::: EXCERPTED DATA

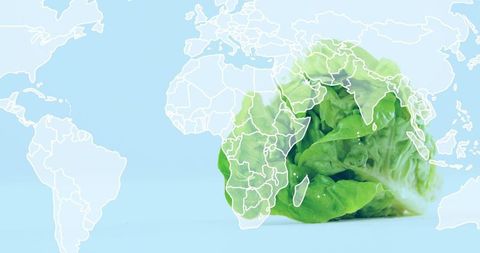 Green lettuce over world map illustrating global agriculture, sustainability, fresh food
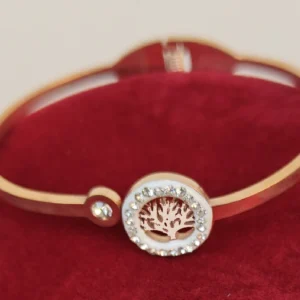 Rose Gold Colour Bracelet in Sleek Look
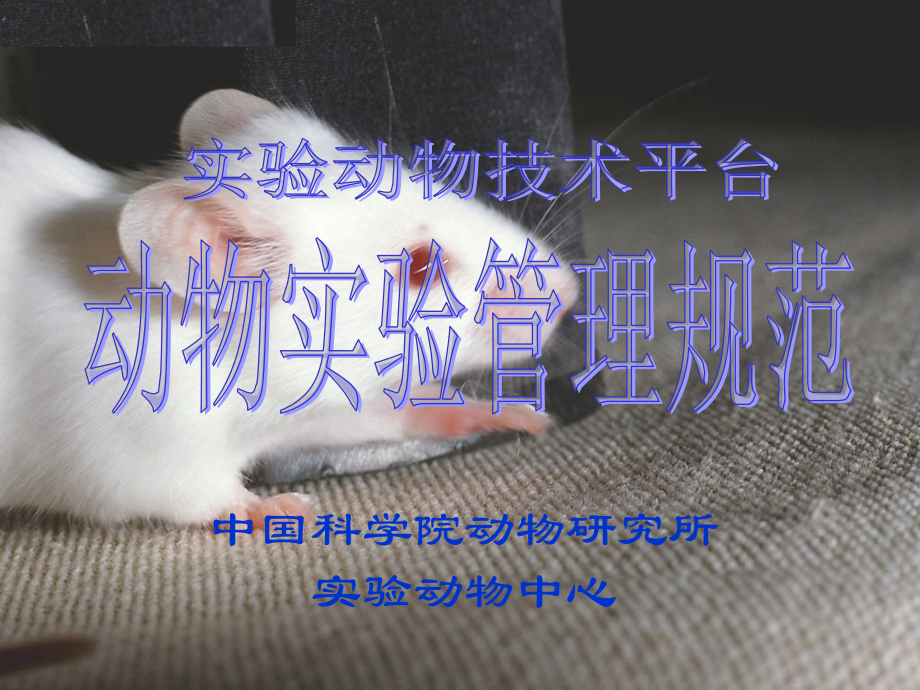 动物实验管理规范培训.ppt_第1页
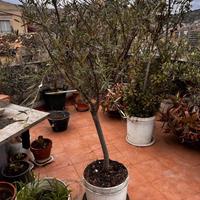 PIANTE DI ULIVO A PRODUZIONE E NON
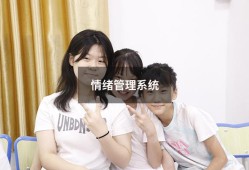 情绪管理系统（大学生情绪论文3000字）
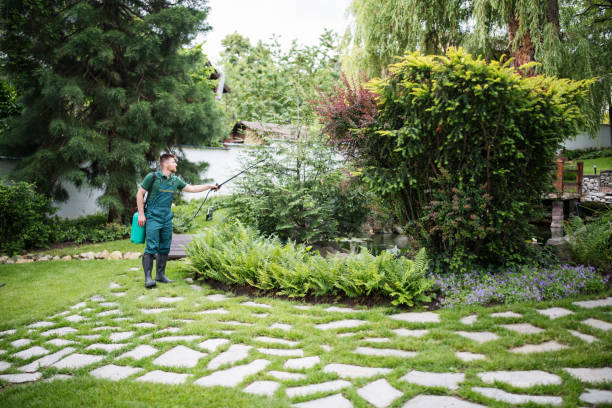 Best Ant Control Services  in Belterra, TX
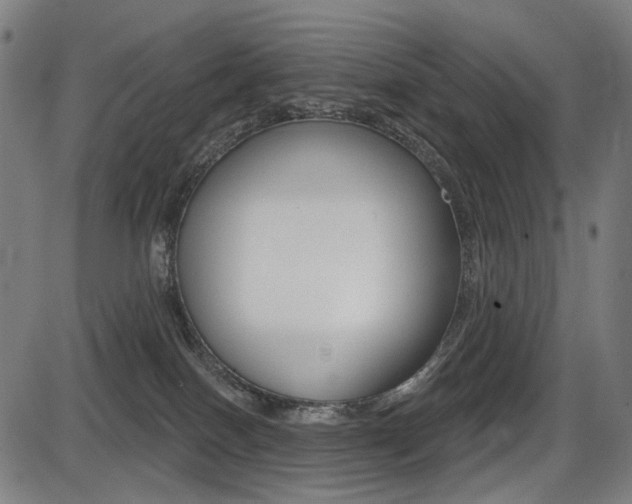 X0000087700086200705040902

::::::

Beginning at the line that contains "情绪管理系统（大学生情绪论文3000字）", copy each remaining line of the records exactly, through the final one. Omit the pictures.

 情绪管理系统（大学生情绪论文3000字）
 Best Ant Control Services  in Belterra, TX
 X0000087700086200705040902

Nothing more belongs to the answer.